Judy Mosley-McAfee

Personal information
- Born: March 17, 1968 Los Angeles, California, U.S.
- Died: September 16, 2013 (aged 45) Temecula, California, U.S.
- Listed height: 6 ft 1 in (1.85 m)

Career information
- High school: La Puente (La Puente, California)
- College: Hawaii (1986–1990)
- WNBA draft: 1997: 1st round, 6th overall pick
- Drafted by: Sacramento Monarchs
- Position: Forward

Career history
- 1997: Sacramento Monarchs

Career highlights
- Big West Player of the Year (1990); 2× First-team All-Big West (1989, 1990); Big West Freshman of the Year (1987); Big West All-Freshman Team (1987); No. 32 retired by the University of Hawaii;
- Stats at Basketball Reference

= Judy Mosley-McAfee =

American basketball player (1968–2013)

Judy Rae Mosley-McAfee (March 17, 1968 – September 16, 2013) was an American professional basketball player. She played a season for the Sacramento Monarchs.

==College career==
Mosley-McAfee was a two-time All-American at the University of Hawaii in 1989 and 1990. She is the only player in school history to lead the Rainbow Wahine in scoring and rebounding for four consecutive seasons. She is the school's all-time leader in points (2,479) and rebounds (1,441), averaging 21.7 PPG and 12.6 RPG. She also scored 30 or more points in a game 19 times.

==Professional career==
Mosley-McAfee made her WNBA debut on June 21, 1997 in a 73–61 win over the Utah Starzz where she recorded 13 points, 7 rebounds and 1 steal. She went on to play 13 games for the Monarchs this season, but this was her only playing time in the WNBA. Mosley-McAfee was signed to the Los Angeles Sparks training camp in 1998 but was waived before the season started and she was not signed by another team afterward.

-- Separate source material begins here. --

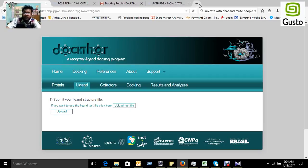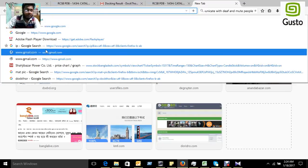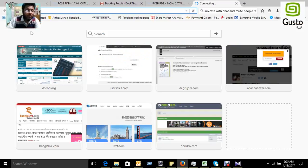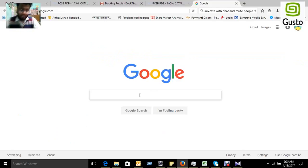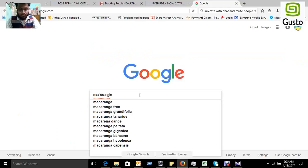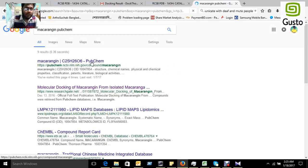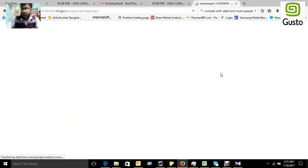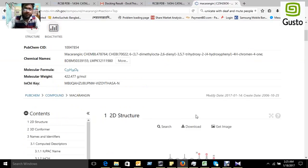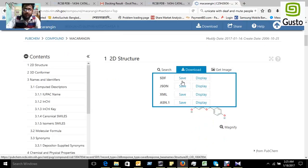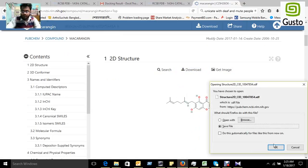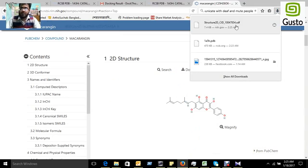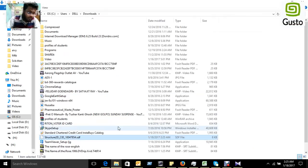So again we have to go to Google and search the ligand. The compound is named macaranzine. In PubChem, here is our compound macaranzine. We can download this compound from PubChem database. PubChem is the biggest site for any chemical structure. Here you can download the SDF file. The structure is downloaded, just figure out where it was downloaded.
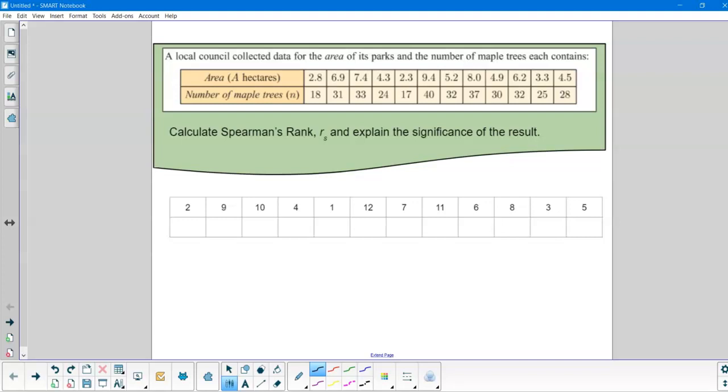So in this video let's have a look at how we do Spearman's rank and how we can do this with the TI. Now in Spearman's rank we just want to rank all our numbers in order.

Her final WNBA game ever was the 13th game of that 1997 season, played on July 21, 1997 in a 57–70 loss to the Phoenix Mercury. In her final game, Mosley-McAfee played for nearly 4 minutes and recorded no stats other than 1 foul and 2 missed field-goals.

==Career statistics==

===College===
Source

| Year | Team | GP | Points | FG% | 3P% | FT% | RPG | APG | SPG | BPG | PPG |
|---|---|---|---|---|---|---|---|---|---|---|---|
| 1986–87 | Hawai'i | 28 | 409 | 43.0% | NA | 73.8% | 11.1 | 0.6 | NA |  | 14.6 |
| 1987–88 | Hawai'i | 28 | 550 | 50.5% | 0% | 75.4% | 11.6 | 1.0 | 0.9 | 0.3 | 19.6 |
| 1988–89 | Hawai'i | 28 | 748 | 47.2% | 0% | 80.8% | 13.4 | 1.3 | 1.4 | 0.5 | 26.7 |
| 1989–90 | Hawai'i | 30 | 772 | 51.0% | 0% | 77.8% | 14.4 | 1.2 | 1.7 | 0.5 | 25.7 |
| Career |  | 114 | 2479 | 48.3% | 0% | 77.5% | 12.6 | 1.0 | 1.0 | 0.3 | 21.7 |

===WNBA===

====Regular season====

| Year | Team | GP | GS | MPG | FG% | 3P% | FT% | RPG | APG | SPG | BPG | TO | PPG |
|---|---|---|---|---|---|---|---|---|---|---|---|---|---|
| 1997 | Sacramento | 13 | 9 | 20.4 | .440 | – | 1.000 | 3.6 | .8 | .6 | .2 | 1.8 | 4.2 |

==International career==
In 1990, Mosley-McAfee won a gold medal at World University Games.

==Personal life==
Mosley-McAfee died on September 16, 2013, after a three-year battle with cancer.